But alas, these rodents — spoiler alert! — survive for a fourth incarnation, which no doubt will involve the introduction of a smaller, cuter cousin. (Based on the template set by the Muppets, we don’t expect them to reach outer space until at least the fifth sequel.)

It’s uninspired and instantly forgettable, but it completely succeeds by its own standards: an 87-minute, rainy-day distraction that will probably make a zillion dollars.

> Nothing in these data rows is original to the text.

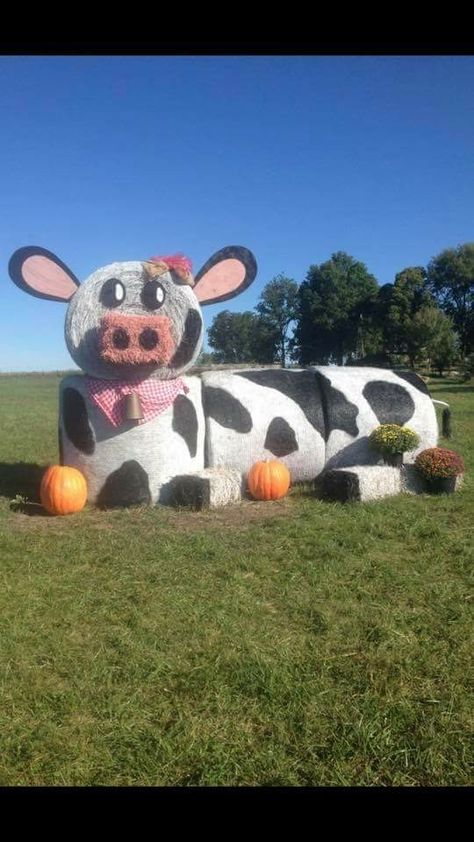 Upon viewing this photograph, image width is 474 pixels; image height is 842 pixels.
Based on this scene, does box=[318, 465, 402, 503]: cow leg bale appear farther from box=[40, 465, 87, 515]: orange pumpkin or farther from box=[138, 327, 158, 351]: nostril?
box=[40, 465, 87, 515]: orange pumpkin

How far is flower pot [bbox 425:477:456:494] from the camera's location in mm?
6676

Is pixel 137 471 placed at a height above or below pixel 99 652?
above

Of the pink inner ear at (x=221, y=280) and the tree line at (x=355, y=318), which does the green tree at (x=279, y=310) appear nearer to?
the tree line at (x=355, y=318)

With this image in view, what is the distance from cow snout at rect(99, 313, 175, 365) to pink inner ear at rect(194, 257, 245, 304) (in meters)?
1.08

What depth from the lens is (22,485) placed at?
24.7 ft

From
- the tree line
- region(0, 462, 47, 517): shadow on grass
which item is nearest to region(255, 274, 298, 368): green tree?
the tree line

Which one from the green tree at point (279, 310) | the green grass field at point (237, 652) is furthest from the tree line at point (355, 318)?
the green grass field at point (237, 652)

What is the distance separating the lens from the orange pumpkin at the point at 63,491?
5.93m

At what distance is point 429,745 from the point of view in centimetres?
232

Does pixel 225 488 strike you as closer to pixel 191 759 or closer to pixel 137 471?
pixel 137 471

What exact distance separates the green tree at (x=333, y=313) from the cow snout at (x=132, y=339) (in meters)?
36.8

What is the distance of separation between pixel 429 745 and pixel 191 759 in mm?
933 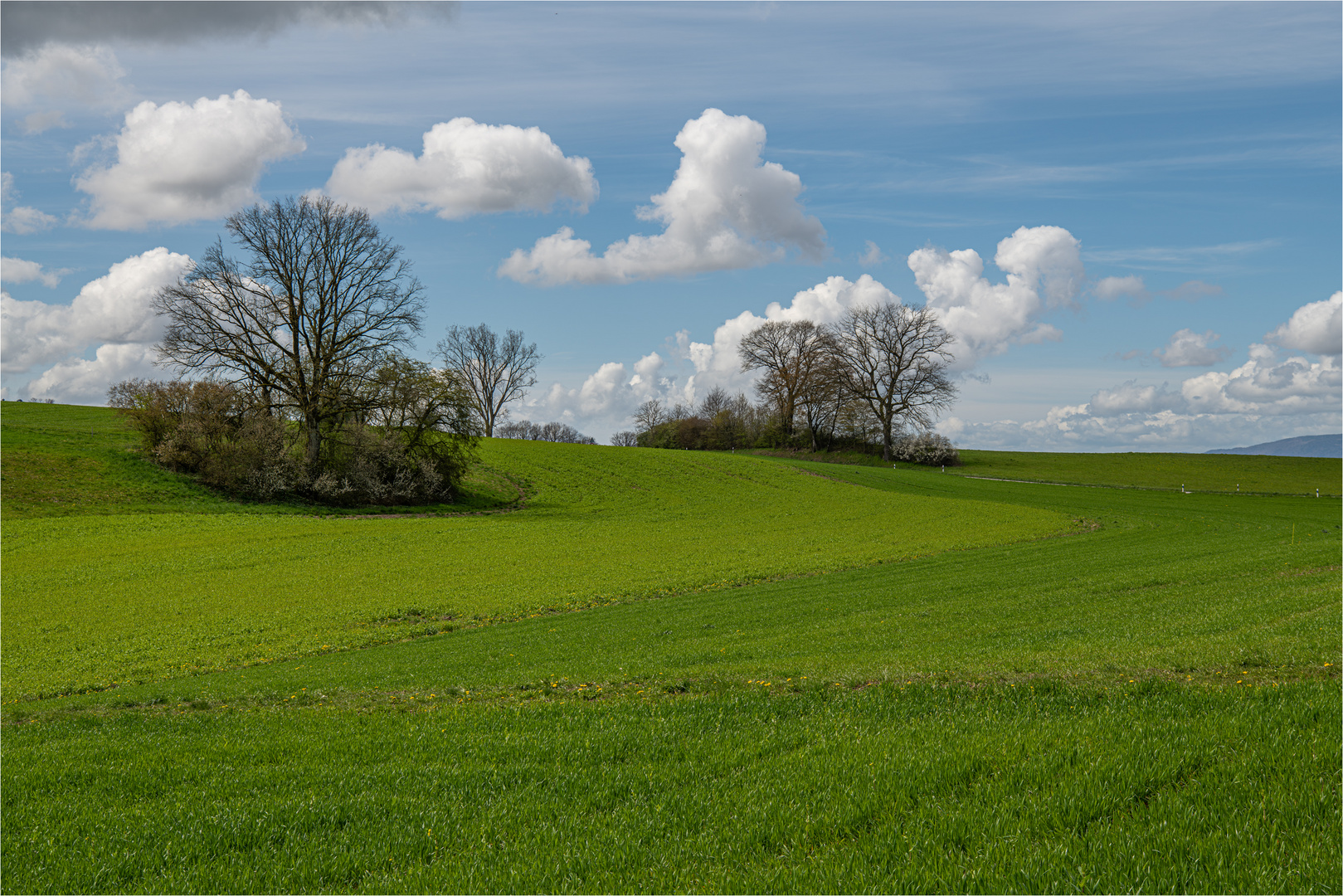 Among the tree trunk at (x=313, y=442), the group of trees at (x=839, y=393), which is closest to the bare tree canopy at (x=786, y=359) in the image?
the group of trees at (x=839, y=393)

The Chipmunks and their female counterparts the Chipettes return, and so does Dave (Jason Lee). A cruise goes awry, and all of the above end up shipwrecked on The Island of Dr. Cliché, complete with a delusional castaway and an active volcano. We’re not sure which “Gilligan’s Island” episode this movie borrows from the most. Still, the movie does have a certain calculated genius. There is something for absolutely everyone.

Kids: Plenty of slapstick. When one of the Chipmunks gets hit in the testicles, he actually yells, “My acorns!”

Teens: Justification for bratty behavior.

Parents: Seemingly random and mostly dated pop-culture nods. During an early hang-gliding scene, Alvin says, “I can see Russia from here!”

The second dimension: For reasons that confound us, it’s not in 3-D.

Critics: An opportunity to write smug, vaguely self-congratulatory quips about the declining state of culture. while ignoring the fact that the 1980s cartoon incarnation of “Alvin” was even worse.